EXERCISE DESCRIPTION:
Reproduce the records below exactly as they appear, omitting any pictures they contain.

━━━━━ EXTRACTED RECORDS

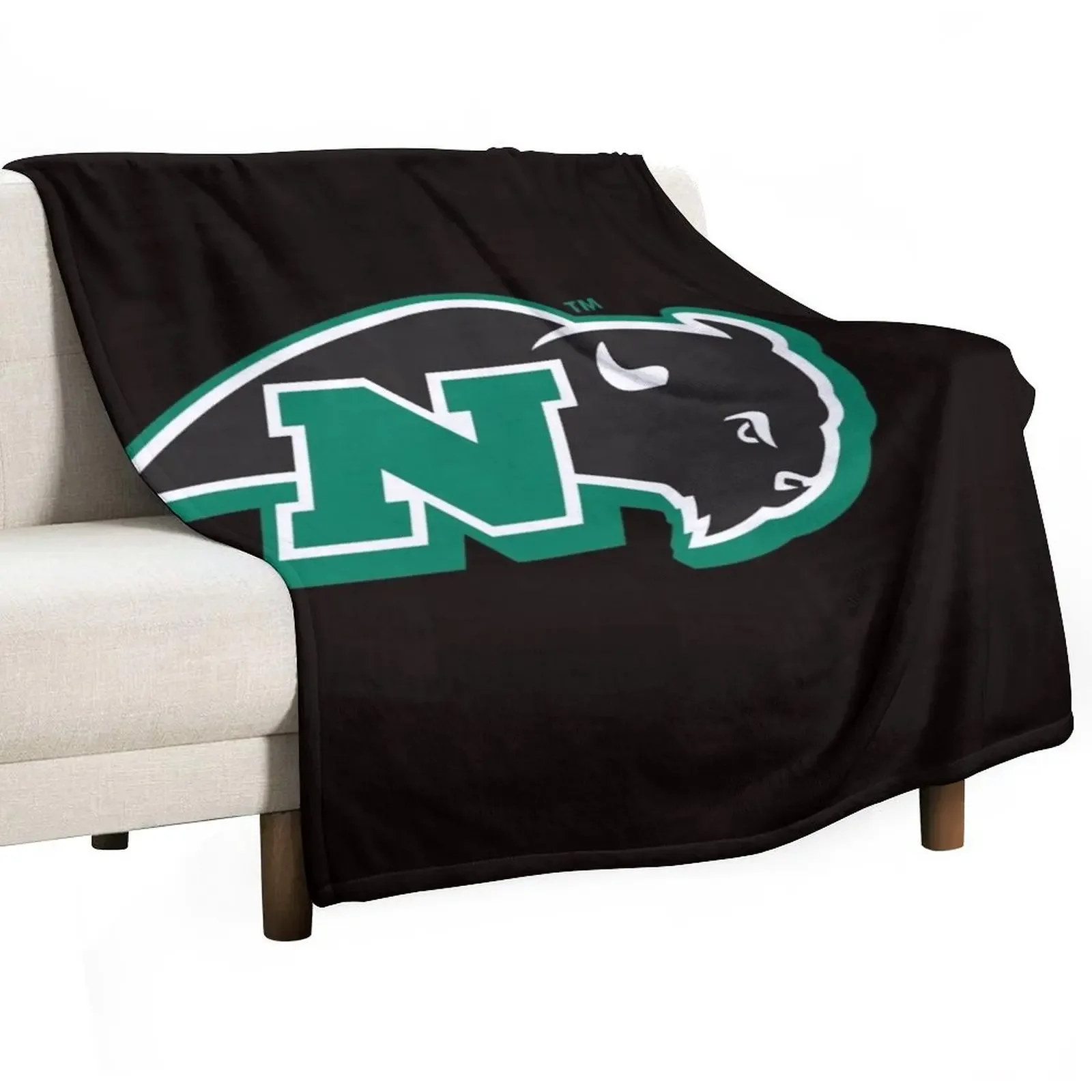 

Nichols College Bison Throw Blanket Warm Soft Plaid Hairy Bed Fashionable Blankets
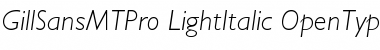 Download Gill Sans MT Pro Light Italic Font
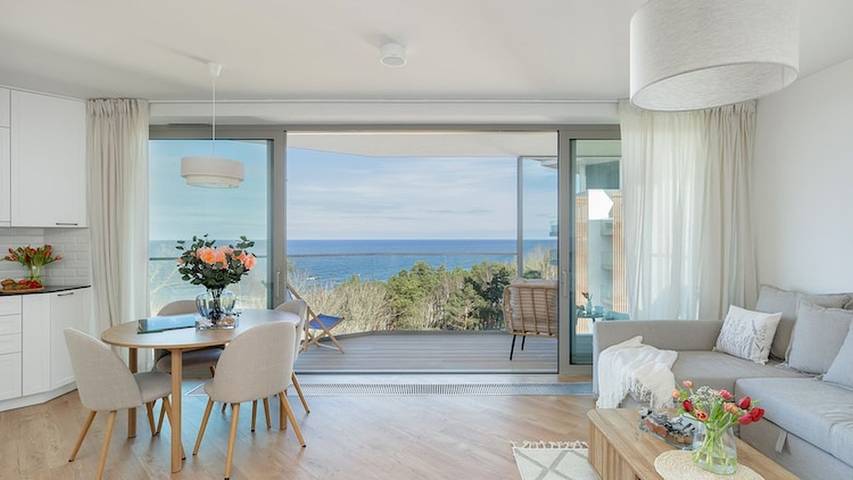 Ferienwohnung für 5 Personen, mit Balkon und Sauna sowie Whirlpool und Pool, mit Haustier in Pobierowo - 2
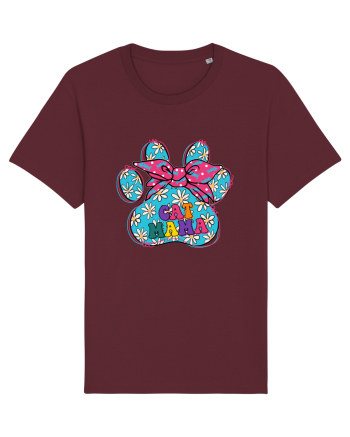 Cat Mama Burgundy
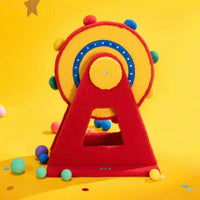 【PETSVILLE】Ferris Wheel Rocking Cat Scratcher Post
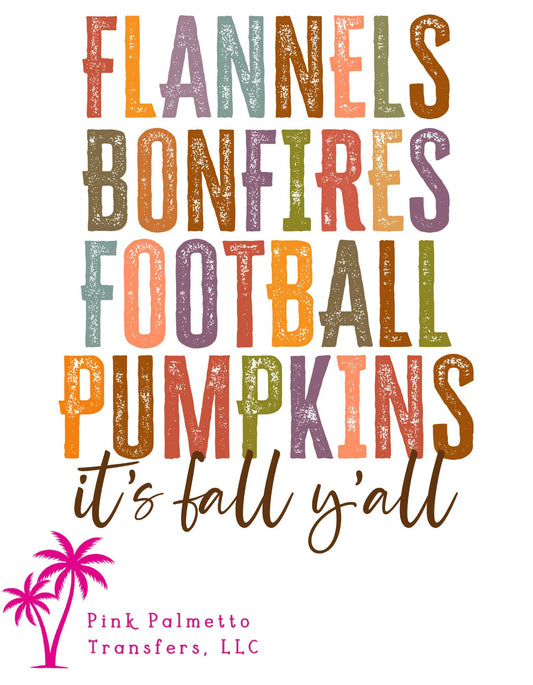 Flannels, Bonfires DTF Transfer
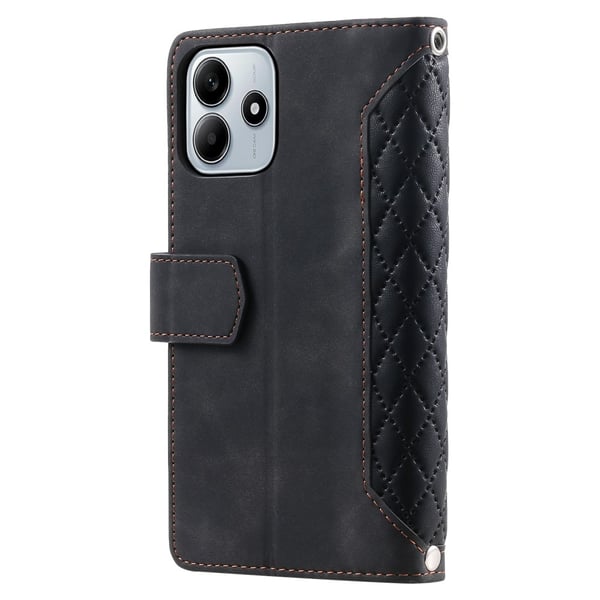 SKALO Xiaomi Redmi Note 14 4G Style 005 Big Wallet Quiltat Flip Cover - Sort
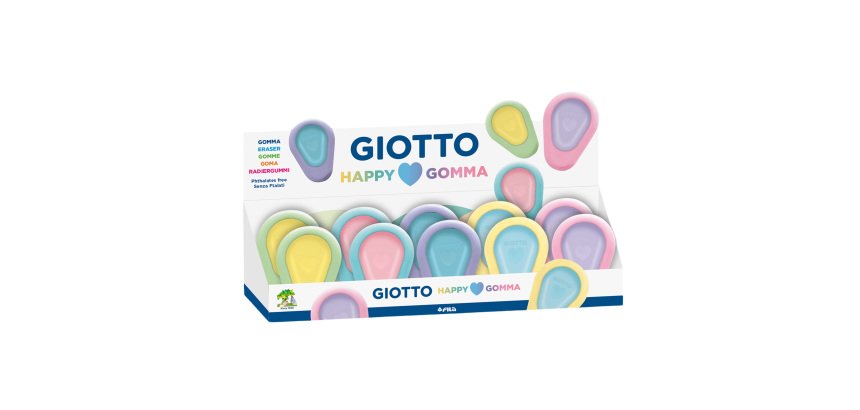 Happy Love Gomma - colori pastello assortiti - Giotto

━━━━━━━━━━

ANSWER BOX:
Nichols College Bison Throw Blanket Warm Soft Plaid Hairy Bed Fashionable Blankets
 Download Gill Sans MT Pro Light Italic Font
 Ferienwohnung für 5 Personen, mit Balkon und Sauna sowie Whirlpool und Pool, mit Haustier in Pobierowo - 2
 Cat Mama Burgundy
 【PETSVILLE】Ferris Wheel Rocking Cat Scratcher Post
 Flannels, Bonfires DTF Transfer
 SKALO Xiaomi Redmi Note 14 4G Style 005 Big Wallet Quiltat Flip Cover - Sort
 Happy Love Gomma - colori pastello assortiti - Giotto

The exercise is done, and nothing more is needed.